TRAFFICKERS AS ‘LABOUR’ RECRUITERS

TRAFFICKERS AS ‘LABOUR’ RECRUITERS

Government should address the socio-economic issues that give rise to undesirable migration

The revelation that several rogue labour recruiters are trafficking Nigerian women to Iraq for domestic servitude should be of serious concern to authorities in the country. “We’re inundated with pleas for rescue and repatriation from female victims trafficked to Iraq, especially to the cities of Baghdad and Basra where they’re distributed to homes by their recruiters to a hard life of domestic servitude,” said the Director General of the National Agency for the Prohibition of Trafficking in Persons (NAPTIP), Fatima WaziriAzi. She further revealed that these unfortunate Nigerians are constantly under threat of being harmed either by their direct employers or the Iraqi agents, each time they complained of unbearable workload.

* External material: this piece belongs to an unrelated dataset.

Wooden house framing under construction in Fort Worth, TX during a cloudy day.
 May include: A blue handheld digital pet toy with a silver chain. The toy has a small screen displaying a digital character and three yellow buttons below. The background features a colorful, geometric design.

As unfortunate as it may seem, the challenge is not restricted to Iraq or the Middle East. The increasing number of Nigerians being trafficked abroad places a heavy burden on the authorities to provide leadership in communication and political action. In what is clearly an organised crime, human traffickers move their victims from country to country until they reach their destination. In the process many die even as the survivors are subjected to all forms of indignity, in the bid to repay the heavy debts owed their “benefactors” by way of travel expenses. But the trade is thriving because most of the people involved wield powerful influence with which they circumvent the law.

It is shameful that our country is regarded not only as a transit route for this illegal trade but also a source as well as a destination with children and young adults, especially of the womenfolk, now becoming merchandise. Indeed, the United Nations Office on Drugs and Crime (UNODC) has since confirmed the prevalence of modern-day slavery known as trafficking in persons (TIP) in Nigeria: “Its high occurrence has made Nigeria to be classified as a source, transit and destination country in TIP.” UNODC stated while estimating that 750,000 to one million persons are trafficked annually in Nigeria.

A few years ago, the then Nigerian Ambassador to Mali, Mr. Iliya Nuhu, lamented that the problem of human trafficking had grown in magnitude and sophistication to the extent that several Nigerians in his country of posting were thriving on it. He described the development as akin to modern day slavery with some unscrupulous Nigerians now recruiting from their villages and towns young girls between the ages of 10 and 15 which are then sold into lives of misery. According to the ambassador, about 20 to 30 girls were at the time being trafficked to Mali daily, with the promise of securing for them good jobs only to turn them to prostitutes. 

One of the challenges is that of mind-set as there are many young men and women who believe they can only make it abroad and will do anything to travel outside the shores of the country. But that is not correct. Irregular migrants are merely compounding their miseries because what await them on the other shores are no longer opportunities but detention, most often under subhuman conditions. That has been the testimonies of many of the stranded migrants brought back home under the auspices of the International Office of Migration (IOM). Therefore, apart from addressing the socio-economic issues of our country, government at all levels must also embark on a campaign to disabuse the minds of our teeming population of young people. As we have always stressed, the grass is not always greener at the other side.

While we commend NAPTIP for its efforts, tackling the problem is a collective responsibility. 

We must cast away the complacency that has emboldened the perpetrators of this criminal enterprise who exploit the most vulnerable of our society for illicit gains.